▸ **WHAT YOU ARE ASKED TO DO**
Keep to one stretch of the data below, the lines from the one with "Vestido de xadrez com golinha com bordado 1" up to and including the one with "2018 Kia Rio Lx VIN:3KPA24ABXJE055103 - 5", and return that stretch exactly.

(Source records)

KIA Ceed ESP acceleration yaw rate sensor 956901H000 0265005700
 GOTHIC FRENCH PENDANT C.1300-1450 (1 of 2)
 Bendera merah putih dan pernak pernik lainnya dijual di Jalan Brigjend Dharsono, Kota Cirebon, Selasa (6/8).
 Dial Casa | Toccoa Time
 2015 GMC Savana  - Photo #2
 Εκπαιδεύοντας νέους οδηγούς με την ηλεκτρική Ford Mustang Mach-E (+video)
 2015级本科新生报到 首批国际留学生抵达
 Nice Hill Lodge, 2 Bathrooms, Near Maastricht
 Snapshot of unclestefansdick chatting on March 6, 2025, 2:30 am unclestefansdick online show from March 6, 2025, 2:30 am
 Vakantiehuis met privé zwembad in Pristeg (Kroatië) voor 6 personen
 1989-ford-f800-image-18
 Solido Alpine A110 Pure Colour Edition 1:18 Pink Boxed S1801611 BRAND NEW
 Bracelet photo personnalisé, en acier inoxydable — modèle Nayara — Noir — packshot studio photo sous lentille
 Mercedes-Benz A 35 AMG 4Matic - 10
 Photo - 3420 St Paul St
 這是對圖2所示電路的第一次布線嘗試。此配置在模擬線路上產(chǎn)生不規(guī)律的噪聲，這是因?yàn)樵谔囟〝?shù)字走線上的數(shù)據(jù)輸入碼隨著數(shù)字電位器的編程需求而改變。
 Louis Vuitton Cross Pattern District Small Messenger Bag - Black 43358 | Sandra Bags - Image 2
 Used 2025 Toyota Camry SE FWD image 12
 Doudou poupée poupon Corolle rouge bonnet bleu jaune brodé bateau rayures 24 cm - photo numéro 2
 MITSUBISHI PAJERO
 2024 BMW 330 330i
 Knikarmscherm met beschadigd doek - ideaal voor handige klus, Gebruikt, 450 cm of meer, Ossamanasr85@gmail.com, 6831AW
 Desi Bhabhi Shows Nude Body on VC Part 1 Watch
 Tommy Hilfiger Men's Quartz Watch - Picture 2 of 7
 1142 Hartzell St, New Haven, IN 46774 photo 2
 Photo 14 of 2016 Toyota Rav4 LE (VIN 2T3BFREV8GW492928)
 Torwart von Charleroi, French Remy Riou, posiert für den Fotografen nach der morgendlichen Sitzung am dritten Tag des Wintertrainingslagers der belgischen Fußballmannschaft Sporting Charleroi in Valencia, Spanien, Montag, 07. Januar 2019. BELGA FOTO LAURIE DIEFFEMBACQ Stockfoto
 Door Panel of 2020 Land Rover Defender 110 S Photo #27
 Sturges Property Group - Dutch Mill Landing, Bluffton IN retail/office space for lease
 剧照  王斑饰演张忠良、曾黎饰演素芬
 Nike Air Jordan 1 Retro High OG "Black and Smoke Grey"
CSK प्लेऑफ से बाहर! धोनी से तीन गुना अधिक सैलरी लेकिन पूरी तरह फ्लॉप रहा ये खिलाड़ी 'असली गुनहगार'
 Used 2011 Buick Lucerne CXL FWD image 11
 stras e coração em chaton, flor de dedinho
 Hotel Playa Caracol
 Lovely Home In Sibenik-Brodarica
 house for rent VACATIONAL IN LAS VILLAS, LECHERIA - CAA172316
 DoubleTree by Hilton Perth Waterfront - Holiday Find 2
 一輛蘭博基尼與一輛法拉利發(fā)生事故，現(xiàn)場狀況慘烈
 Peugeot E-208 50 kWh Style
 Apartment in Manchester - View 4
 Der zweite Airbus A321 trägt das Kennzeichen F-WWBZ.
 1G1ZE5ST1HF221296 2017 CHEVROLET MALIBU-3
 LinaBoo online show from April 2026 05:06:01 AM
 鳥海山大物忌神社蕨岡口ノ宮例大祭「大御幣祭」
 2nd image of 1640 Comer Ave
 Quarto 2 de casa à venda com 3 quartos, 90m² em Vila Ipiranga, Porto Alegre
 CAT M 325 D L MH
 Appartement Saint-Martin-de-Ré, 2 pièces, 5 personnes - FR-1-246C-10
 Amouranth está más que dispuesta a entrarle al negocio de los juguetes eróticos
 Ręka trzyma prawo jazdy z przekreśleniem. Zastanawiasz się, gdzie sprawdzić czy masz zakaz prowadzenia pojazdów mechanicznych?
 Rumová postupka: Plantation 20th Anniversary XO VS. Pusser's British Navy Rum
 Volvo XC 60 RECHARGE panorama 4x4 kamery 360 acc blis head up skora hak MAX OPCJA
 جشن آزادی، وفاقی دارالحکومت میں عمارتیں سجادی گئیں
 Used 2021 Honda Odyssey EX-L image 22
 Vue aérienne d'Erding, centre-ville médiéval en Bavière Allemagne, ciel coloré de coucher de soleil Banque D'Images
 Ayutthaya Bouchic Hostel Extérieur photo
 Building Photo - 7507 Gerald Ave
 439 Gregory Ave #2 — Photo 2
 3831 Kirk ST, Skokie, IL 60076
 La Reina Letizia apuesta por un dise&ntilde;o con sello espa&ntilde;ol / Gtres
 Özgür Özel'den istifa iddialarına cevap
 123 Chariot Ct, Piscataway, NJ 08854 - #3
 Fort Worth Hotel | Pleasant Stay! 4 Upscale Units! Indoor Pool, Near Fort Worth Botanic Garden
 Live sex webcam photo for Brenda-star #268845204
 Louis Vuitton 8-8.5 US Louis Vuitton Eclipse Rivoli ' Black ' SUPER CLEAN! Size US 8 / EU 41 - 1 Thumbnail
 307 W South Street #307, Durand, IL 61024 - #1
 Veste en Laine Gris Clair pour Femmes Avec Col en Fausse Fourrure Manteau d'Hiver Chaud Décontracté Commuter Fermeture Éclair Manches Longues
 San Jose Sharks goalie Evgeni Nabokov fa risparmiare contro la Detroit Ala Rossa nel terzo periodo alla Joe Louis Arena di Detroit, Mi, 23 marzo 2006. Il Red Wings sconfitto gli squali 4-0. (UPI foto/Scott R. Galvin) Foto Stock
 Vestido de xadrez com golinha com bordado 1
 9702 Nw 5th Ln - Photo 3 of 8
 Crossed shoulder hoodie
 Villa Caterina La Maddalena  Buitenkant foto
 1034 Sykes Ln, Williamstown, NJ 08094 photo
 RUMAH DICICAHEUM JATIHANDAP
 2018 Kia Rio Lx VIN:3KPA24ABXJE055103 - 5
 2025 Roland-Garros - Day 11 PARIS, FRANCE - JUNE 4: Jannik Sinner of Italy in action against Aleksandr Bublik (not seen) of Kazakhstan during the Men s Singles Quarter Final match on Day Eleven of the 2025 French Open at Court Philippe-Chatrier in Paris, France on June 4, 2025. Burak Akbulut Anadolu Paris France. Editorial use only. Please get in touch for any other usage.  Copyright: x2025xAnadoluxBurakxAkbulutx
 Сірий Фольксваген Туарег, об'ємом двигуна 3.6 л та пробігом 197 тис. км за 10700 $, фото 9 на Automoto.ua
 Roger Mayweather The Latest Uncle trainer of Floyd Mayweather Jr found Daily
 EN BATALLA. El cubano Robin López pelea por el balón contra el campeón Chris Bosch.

▸ **SOLUTION TO THIS EXERCISE**
 Vestido de xadrez com golinha com bordado 1
 9702 Nw 5th Ln - Photo 3 of 8
 Crossed shoulder hoodie
 Villa Caterina La Maddalena  Buitenkant foto
 1034 Sykes Ln, Williamstown, NJ 08094 photo
 RUMAH DICICAHEUM JATIHANDAP
 2018 Kia Rio Lx VIN:3KPA24ABXJE055103 - 5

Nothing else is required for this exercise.